(Exercise description):
Find the line that contains "Видеокамеры - Sony DCR-HC52E". Copy it and every line after it to the end of the material below, exactly, with no pictures.

(Data extract):
● ● ● ● ●
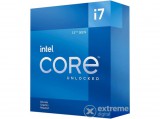 Intel Core i7-12700KF processzor (3600Mhz 25MBL3 Cache 10nm 125W skt1700 Alder Lake) BOX No Cooler No VGA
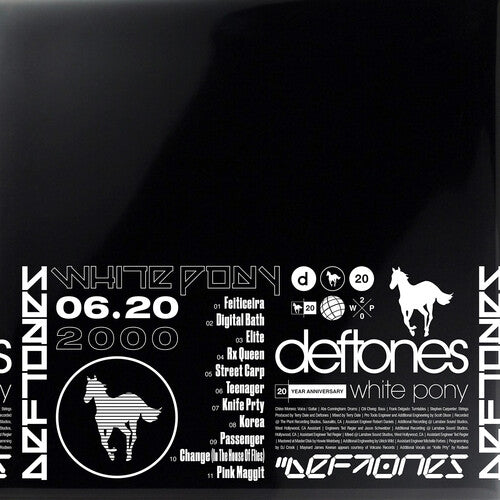 Deftones: White Pony (20th Anniversary) - （ VINYL LP ）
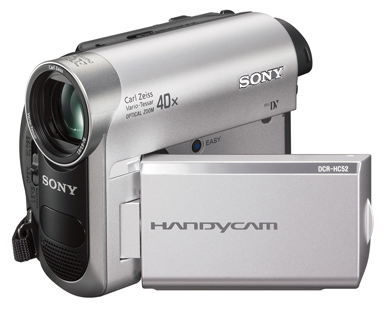 Видеокамеры - Sony DCR-HC52E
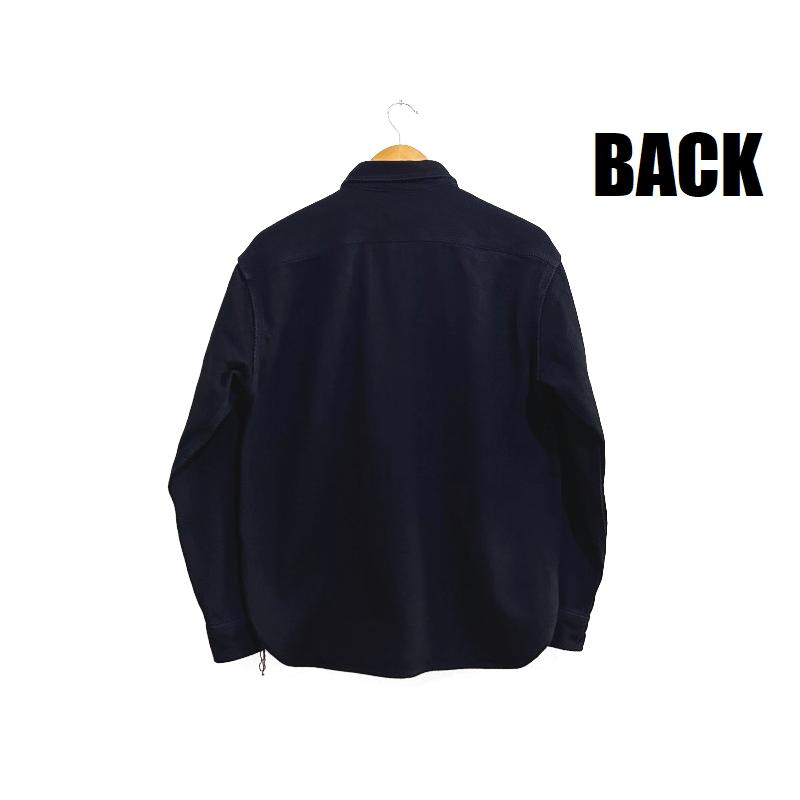 桃太郎ジーンズ インディゴドビーシャツ MOMOTARO JEANS EASY NAVY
● ● ● ● ●
(Result of this task):
 Видеокамеры - Sony DCR-HC52E
 桃太郎ジーンズ インディゴドビーシャツ MOMOTARO JEANS EASY NAVY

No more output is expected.